TASK OBJECTIVE: Below are the records; copy exactly the stretch from the line containing "Косиночная пов'язка" through the line containing "Before & After Necklift", both ends included, and nothing else.
___ EXCERPTED DATA
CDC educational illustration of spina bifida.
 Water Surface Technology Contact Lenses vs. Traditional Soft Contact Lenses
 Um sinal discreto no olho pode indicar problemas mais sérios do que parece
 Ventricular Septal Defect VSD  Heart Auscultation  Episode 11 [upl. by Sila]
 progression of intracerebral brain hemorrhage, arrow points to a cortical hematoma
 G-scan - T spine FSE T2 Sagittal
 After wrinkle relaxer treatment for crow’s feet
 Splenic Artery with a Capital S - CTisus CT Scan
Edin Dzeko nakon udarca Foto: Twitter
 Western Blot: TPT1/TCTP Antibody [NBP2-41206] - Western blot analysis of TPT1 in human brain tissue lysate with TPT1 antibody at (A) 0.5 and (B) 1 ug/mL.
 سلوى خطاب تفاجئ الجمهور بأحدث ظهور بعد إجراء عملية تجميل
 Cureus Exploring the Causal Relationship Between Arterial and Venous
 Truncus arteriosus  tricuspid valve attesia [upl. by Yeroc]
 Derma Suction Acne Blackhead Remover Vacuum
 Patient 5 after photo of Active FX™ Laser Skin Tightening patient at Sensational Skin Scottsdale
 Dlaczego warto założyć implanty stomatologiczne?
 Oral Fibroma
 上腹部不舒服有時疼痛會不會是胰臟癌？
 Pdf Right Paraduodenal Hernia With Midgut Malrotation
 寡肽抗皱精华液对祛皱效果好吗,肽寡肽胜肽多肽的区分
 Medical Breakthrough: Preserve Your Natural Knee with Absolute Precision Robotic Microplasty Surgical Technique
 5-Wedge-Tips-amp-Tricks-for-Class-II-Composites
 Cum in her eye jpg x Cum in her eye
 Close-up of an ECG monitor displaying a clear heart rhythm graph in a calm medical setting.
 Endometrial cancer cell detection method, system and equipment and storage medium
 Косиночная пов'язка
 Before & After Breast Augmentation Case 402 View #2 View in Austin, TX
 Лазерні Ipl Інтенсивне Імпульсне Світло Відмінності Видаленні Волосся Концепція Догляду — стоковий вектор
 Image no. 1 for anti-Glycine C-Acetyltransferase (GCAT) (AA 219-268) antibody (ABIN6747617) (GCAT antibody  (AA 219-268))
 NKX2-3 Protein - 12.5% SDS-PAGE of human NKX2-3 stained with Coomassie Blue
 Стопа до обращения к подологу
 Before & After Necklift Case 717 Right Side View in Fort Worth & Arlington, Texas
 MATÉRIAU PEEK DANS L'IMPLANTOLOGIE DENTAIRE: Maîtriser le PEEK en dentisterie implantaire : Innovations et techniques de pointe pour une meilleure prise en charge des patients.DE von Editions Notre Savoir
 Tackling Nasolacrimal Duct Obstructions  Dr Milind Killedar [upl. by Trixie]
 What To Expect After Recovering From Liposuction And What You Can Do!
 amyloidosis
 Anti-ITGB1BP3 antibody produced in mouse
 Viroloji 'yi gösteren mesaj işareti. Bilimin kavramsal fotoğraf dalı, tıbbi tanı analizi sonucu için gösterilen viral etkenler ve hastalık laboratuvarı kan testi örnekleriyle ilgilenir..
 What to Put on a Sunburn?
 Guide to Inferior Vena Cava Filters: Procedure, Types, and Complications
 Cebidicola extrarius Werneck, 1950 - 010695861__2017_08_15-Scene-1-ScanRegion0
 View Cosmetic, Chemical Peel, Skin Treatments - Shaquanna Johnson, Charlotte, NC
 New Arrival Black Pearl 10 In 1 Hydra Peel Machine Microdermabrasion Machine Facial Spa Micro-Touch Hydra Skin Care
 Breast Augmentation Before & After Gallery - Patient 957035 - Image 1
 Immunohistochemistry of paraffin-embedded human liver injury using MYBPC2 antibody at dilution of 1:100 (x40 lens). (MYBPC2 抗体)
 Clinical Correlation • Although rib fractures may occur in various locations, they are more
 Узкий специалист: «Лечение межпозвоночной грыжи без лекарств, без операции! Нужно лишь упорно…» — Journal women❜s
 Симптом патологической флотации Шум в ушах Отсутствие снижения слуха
______
SOLUTION FOR THIS EXERCISE:
 Косиночная пов'язка
 Before & After Breast Augmentation Case 402 View #2 View in Austin, TX
 Лазерні Ipl Інтенсивне Імпульсне Світло Відмінності Видаленні Волосся Концепція Догляду — стоковий вектор
 Image no. 1 for anti-Glycine C-Acetyltransferase (GCAT) (AA 219-268) antibody (ABIN6747617) (GCAT antibody  (AA 219-268))
 NKX2-3 Protein - 12.5% SDS-PAGE of human NKX2-3 stained with Coomassie Blue
 Стопа до обращения к подологу
 Before & After Necklift Case 717 Right Side View in Fort Worth & Arlington, Texas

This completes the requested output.